Chief Justices Laskin and McLachlin also exhibit high levels of dynamic policy change from court to court. McLachlin, in particular, maintained an average position, yet remained fluid from one natural court to the next, which might suggest strategic action on her part. Wetstein and Ostberg (2005) find that Dickson, Lamer and McLachlin showed strategic action by being less likely to dissent after becoming Chief Justice, which corresponds with the evidence presented here. Consistent with Alarie and Green (2009b) and Ostberg and Wetstein (2007), Iacobucci remains consistent as a centrist over time. In contrast, L'Heureux-Dubé begins her career with low levels of support for criminal defendants, and moves further to the right during her career. Figure 2 shows a downward trend in actual support scores coinciding with Conservative party justices dominating the Court in the 1990s, which includes L'Heureux-Dubé’s tenure. Most interestingly, issue change rather than policy change, corresponds with the majority justices’ political party affiliation.

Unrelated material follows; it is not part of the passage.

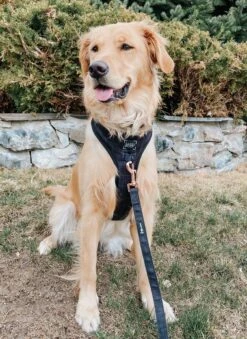 Dog Leash - Baby Got Black -Furfinity Cheap Shop baby got black 2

Table 3 displays the findings for tax cases. Column 3 shows the actual proportion of decisions favouring the government in tax cases.

Table 3. Tax cases

The Court has been deferential to the government in tax suits with most periods favouring government entities at over 50 per cent and several periods at over 60 per cent. Only in 1990–2005 does that number dip below 50 per cent. In comparison, the adjusted support scores across periods are not as stark in their differences. The early court periods are not as pro-government as it first appears which suggests that later courts are only slightly more pro-claimant than earlier courts. Figure 3 better portrays these trends.

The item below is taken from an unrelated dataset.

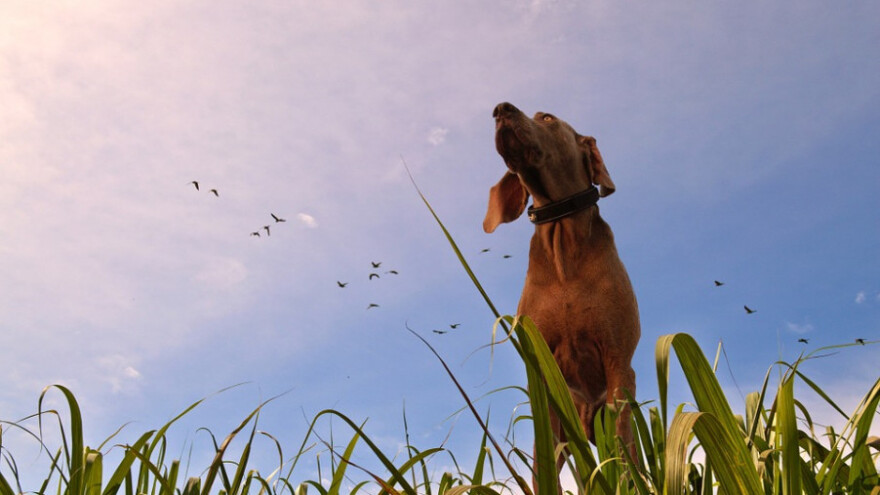 Zašto da nabavite bar jednog ptičara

Figure 3. Adjusted Support Scores by Natural Court.

It appears, even from the actual support scores, that the Supreme Court has been somewhat stable over time in tax cases, at least in comparison with criminal cases. However, the adjusted support scores indicate even more stability over time. We observe a policy change as government support in tax cases began to trend downward in the mid-1970s. After 1980, the justices adjusted support scores indicate pro-government outcomes in tax cases consistently below 40 per cent compared with support for the government in and around 50 per cent for early periods.

The majority of change in adjusted support scores occurs between 1974 and 1990. At the height of Liberal party appointees holding a majority on the Court (nearly 70 per cent in the 1974–1980 period), the support for the government in tax cases continues to decline. The relationship between adjusted support scores in tax cases corresponds with per cent Liberal appointees serving on the Court in the 1974–1980 period (see figure 3), but does not track together after 1980. After 1980, the actual support scores track closer to the percentage of justices appointed by Liberal PM's. After removing issue change, adjusted support scores do not track as closely with party affiliation. This result could suggest strategic action by the Court in the case selection process. Thus, party affiliation and ideology might have a greater impact prior to the merits stage, which is not captured by Baum's method.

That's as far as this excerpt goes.